▶ What is required: Could you print the entries below exactly, starting at the line that contains "SetSail Towel Holder" and stopping after the last one?

Caption-style text data:
★ ★ ★ ★ ★

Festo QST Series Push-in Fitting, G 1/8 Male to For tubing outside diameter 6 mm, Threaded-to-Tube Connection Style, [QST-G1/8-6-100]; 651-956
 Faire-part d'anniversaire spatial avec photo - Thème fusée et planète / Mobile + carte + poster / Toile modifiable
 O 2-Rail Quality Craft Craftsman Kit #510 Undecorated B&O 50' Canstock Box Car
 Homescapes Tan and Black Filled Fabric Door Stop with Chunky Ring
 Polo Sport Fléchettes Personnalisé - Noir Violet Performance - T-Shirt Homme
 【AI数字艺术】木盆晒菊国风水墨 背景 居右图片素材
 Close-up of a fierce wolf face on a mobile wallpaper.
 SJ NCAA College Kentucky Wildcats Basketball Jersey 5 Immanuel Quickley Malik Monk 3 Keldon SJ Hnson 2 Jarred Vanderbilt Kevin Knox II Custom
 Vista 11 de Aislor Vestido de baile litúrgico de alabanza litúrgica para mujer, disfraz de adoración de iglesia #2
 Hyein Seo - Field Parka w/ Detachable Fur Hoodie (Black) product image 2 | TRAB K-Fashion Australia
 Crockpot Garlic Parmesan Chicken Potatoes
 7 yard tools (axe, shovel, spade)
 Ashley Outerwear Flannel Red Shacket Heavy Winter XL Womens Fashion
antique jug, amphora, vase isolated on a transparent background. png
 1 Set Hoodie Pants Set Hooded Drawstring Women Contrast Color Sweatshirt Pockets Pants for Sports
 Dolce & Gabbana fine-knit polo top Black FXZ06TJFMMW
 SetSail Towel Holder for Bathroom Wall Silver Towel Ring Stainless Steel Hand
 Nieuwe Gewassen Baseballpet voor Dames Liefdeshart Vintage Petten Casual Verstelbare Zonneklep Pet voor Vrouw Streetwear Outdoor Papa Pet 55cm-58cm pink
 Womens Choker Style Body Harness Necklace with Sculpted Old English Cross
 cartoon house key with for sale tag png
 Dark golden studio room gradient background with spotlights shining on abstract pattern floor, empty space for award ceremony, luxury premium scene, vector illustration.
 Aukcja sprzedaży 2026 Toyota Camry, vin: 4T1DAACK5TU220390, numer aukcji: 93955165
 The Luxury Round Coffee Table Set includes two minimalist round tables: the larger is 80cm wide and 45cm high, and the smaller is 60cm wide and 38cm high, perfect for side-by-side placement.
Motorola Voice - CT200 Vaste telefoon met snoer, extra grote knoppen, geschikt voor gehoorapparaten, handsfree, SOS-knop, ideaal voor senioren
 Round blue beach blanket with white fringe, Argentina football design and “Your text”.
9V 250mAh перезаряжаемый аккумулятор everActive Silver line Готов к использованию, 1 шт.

★ ★ ★ ★ ★

▶ Result for this exercise:
 SetSail Towel Holder for Bathroom Wall Silver Towel Ring Stainless Steel Hand
 Nieuwe Gewassen Baseballpet voor Dames Liefdeshart Vintage Petten Casual Verstelbare Zonneklep Pet voor Vrouw Streetwear Outdoor Papa Pet 55cm-58cm pink
 Womens Choker Style Body Harness Necklace with Sculpted Old English Cross
 cartoon house key with for sale tag png
 Dark golden studio room gradient background with spotlights shining on abstract pattern floor, empty space for award ceremony, luxury premium scene, vector illustration.
 Aukcja sprzedaży 2026 Toyota Camry, vin: 4T1DAACK5TU220390, numer aukcji: 93955165
 The Luxury Round Coffee Table Set includes two minimalist round tables: the larger is 80cm wide and 45cm high, and the smaller is 60cm wide and 38cm high, perfect for side-by-side placement.
Motorola Voice - CT200 Vaste telefoon met snoer, extra grote knoppen, geschikt voor gehoorapparaten, handsfree, SOS-knop, ideaal voor senioren
 Round blue beach blanket with white fringe, Argentina football design and “Your text”.
9V 250mAh перезаряжаемый аккумулятор everActive Silver line Готов к использованию, 1 шт.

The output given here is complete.